Adapting a much beloved book to the screen is always risky, but the filmmakers have done a fine job of capturing the essence of the story and of externalising its innermost themes.
The film follows Liesel. After the death of her brother she is sent to live with kindly strangers, Hans and Rosa Hubermann, in a small village outside of Munich. Among her meagre possessions is a book, the only one Liesel has ever owned – yet she can’t read. This earns her the ‘dumkopf’ label from her classmates at her new school. Determined to learn she enlists the help of kindly Hans. With her love of words firmly in place, Liesel becomes so addicted to books, she begins ‘borrowing’ them everywhere she goes.
Which is not far. The entire story plays out in the village which changes dramatically as the Nazis sweep through, closing stores owned by Jewish merchants and recruiting the football-playing children from the streets. When the Hubermanns take a desperate Jewish man into their basement for two years, his sanity is kept intact by hearing Liesel’s descriptions of the world outside, and by her reading to him from her ‘borrowed’ books.

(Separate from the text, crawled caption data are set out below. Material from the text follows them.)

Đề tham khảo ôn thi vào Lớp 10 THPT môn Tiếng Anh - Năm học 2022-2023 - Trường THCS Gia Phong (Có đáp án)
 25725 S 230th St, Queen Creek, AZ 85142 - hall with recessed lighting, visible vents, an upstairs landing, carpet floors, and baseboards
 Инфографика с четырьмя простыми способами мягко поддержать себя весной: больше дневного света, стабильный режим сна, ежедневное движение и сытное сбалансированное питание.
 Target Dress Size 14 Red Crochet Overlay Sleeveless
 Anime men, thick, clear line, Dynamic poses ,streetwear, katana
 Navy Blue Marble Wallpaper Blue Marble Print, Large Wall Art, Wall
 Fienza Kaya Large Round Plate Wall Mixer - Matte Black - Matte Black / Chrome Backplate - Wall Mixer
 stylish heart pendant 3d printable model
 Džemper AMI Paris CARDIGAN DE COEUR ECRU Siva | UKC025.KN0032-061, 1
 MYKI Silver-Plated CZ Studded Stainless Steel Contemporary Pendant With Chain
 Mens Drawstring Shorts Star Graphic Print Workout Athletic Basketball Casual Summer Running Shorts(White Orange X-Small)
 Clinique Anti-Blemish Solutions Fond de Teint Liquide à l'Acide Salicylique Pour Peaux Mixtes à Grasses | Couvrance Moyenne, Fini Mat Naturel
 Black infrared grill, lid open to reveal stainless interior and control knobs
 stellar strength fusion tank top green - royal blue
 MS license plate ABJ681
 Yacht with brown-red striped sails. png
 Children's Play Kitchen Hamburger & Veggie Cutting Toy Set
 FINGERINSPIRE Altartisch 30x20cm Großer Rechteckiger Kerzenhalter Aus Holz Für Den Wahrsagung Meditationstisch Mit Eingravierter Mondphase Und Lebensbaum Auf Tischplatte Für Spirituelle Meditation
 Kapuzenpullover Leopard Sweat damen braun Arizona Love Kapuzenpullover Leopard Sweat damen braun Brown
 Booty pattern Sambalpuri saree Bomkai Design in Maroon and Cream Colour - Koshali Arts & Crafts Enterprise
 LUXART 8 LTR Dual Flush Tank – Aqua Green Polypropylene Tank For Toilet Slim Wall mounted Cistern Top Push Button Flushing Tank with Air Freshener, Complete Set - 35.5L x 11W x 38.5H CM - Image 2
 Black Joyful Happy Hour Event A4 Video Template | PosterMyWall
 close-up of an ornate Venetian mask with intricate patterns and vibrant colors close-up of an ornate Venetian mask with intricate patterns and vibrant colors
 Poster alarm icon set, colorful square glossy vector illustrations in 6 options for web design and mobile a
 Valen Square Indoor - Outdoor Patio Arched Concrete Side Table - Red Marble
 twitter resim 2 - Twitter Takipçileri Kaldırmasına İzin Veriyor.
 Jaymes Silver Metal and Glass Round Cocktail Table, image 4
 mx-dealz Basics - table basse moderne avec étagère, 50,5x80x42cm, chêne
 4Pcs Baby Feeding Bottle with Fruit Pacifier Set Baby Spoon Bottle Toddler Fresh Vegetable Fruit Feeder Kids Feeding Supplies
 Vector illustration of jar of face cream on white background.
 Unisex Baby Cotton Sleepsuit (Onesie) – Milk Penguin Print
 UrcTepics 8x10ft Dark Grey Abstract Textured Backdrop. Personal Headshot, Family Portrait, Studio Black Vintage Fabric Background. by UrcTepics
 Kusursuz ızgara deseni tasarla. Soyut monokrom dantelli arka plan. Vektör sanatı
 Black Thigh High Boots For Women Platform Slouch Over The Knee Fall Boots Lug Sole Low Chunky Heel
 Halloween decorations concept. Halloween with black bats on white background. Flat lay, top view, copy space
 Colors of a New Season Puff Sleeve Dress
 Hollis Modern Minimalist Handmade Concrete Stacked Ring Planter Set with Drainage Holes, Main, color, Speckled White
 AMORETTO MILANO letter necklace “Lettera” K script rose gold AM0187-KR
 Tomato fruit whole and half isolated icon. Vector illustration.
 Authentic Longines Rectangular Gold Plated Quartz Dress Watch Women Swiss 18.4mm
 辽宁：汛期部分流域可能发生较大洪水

Because the narrator, Death, is fascinated by Leisel, she remains the focus of the film. So it’s lucky that the filmmakers found an actress as fine as Sophie Nelisse to play her. She is ably supported by Geoffrey Rush as Hans, a role that shows a very different side to the actor. But it’s Emily Watson who really shines. Her Rosa is all bluster and bad temper on the surface, while hiding a soft heart and an aching desire for something better in life.
So it’s just a shame the young boy who plays Leisel’s friend and almost-love-interest is not convincing; his performance takes you out of what is otherwise a very involving and emotional film.